The most successful single issue movement in the history of the State, the Pro-Life Amendment Campaign (PLAC), was established in January 1981 by 13 organisations: the Congress of Catholic Secondary School Parents’ Associations; the Irish Catholic Doctors’ Guild; the Guild of Catholic Nurses; the Guild of Catholic Pharmacists; the Catholic Young Men’s Society; the St Thomas More Society; the Irish Pro-Life Movement; the National Association of the Ovulation Method (“natural” contraception endorsed by the Catholic church); the Council of Social Concern (COSC); the Irish Responsible Society; the Society for the Protection of Unborn Children; the St Joseph’s Young Priests Society (young Catholic priests, that is); and the Christian Brothers Schools Parents’ Federation. The initial meeting was chaired by the head of a 14th organisation that was immensely influential on the campaign behind the scenes, the secretive, all-male brotherhood the Order of the Knights of Columbanus.
It’s enough to make you want to throw up. Notice that at least two of those groups are not only Catholic but all-male. All-male Catholic groups stripping women of basic rights – not a good look.
These are the bodies that made Ireland unique in the democratic world in having a ban on abortion in its constitution. In spite of a great deal of revisionism, their sectarian character is obvious: 10 of these bodies were explicitly and exclusively Catholic. The other four were almost entirely made up of conservative Catholic activists. (By contrast, all Irish Protestant churches opposed the amendment.) For all of these groups, abortion was just one front in a wider religious war.
On Protestantism, on women, on secularism, on the whole notion and possibility of not taking orders from the Vatican.
A guy called John O’Reilly started it all going.
John O’Reilly explicitly regarded a successful anti-abortion amendment as a prelude to action against contraception and “illegitimacy”: “The campaign for a pro-life amendment would enjoy widespread support now and the success of the campaign would serve to halt the permissive tide in other areas.”

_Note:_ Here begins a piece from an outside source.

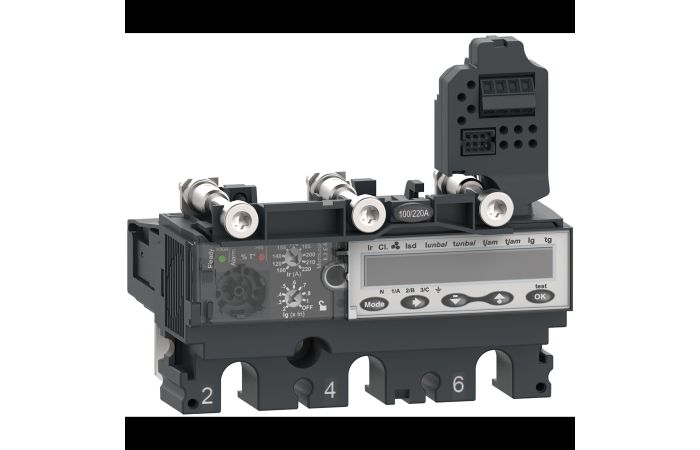 Apsaugos modulis NSX160 A C 3P3D 150A 6.2EM, C1636M150, LV POWER CIRCUIT BREAKERS AND SWITCHES, MCCB OPTIMUM OFFER, COMPACT NSX - SCHNEIDER ELECTRIC (pavadinimas tikslinamas)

For O’Reilly “pro-life” was the opposite of “anti-life”, a term which incorporated the availability of contraception and (weirdly) the rising number of babies born out of wedlock.

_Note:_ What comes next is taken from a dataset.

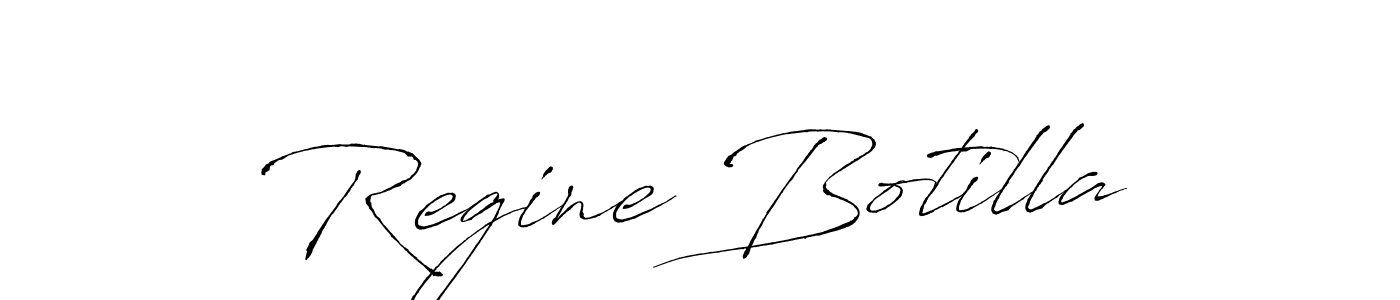 Design your own signature with our free online signature maker. With this signature software, you can create a handwritten (Antro_Vectra) signature for name Regine Botilla. Regine Botilla signature style 6 images and pictures png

Because the most important thing of all is to make sure that nobody ever ever ever just plain has sex for the fun of it. God no. It has to be made as rule-bound and joyless and like a prison sentence as it can possibly be. Except for priests, of course.
The Irish Responsible Society, of which five key PLAC leaders were members, was the Irish branch of the group led by the English right-wing Catholic activist Valerie Riches (now a papal dame). For Riches, the degeneration of society through sexual permissiveness was a conspiracy driven by International Planned Parenthood.
Sex! Sex sex sex! It’s dirty, it’s terrifying, it’s the swirling vortex of hell that will suck you in if you don’t work night and day to forbid everything you can think of.
The first action of her Irish followers was to campaign against a small State grant to the Dublin Rape Crisis Centre. Its next campaign was against the removal of the stigma of illegitimacy from children born out of wedlock.
This is the ideology – sectarian, paranoid, apocalyptic – that gave us the eighth amendment. It was utterly dismissive of any qualifications to its absolutist views and saw all “sob stories” as liberal conspiracies.
Bernadette Bonar, a leading PLAC and Responsible Society figure, warned of pro-abortion conspirators turning up at a TD’s clinics: “seemingly respectable little women giving him sob stories about 12-year-olds being raped.”
Loretto Browne, also a prominent PLAC and Responsible Society leader, told me in 1982 that rape very seldom results in pregnancy because “men that go in for rape are usually not fertile, they tend to be impotent”.
Uh-huh. The body has a way of shutting that whole thing down.
These were the people who created the Irish abortion regime. Most of them are long gone from the public stage – COSC and the Irish Responsible Society no longer exist. Their world view is marginal. But their legacy abides for women not born when it was in its pomp.
Their worldview isn’t marginal in the US. I wish to hell it were.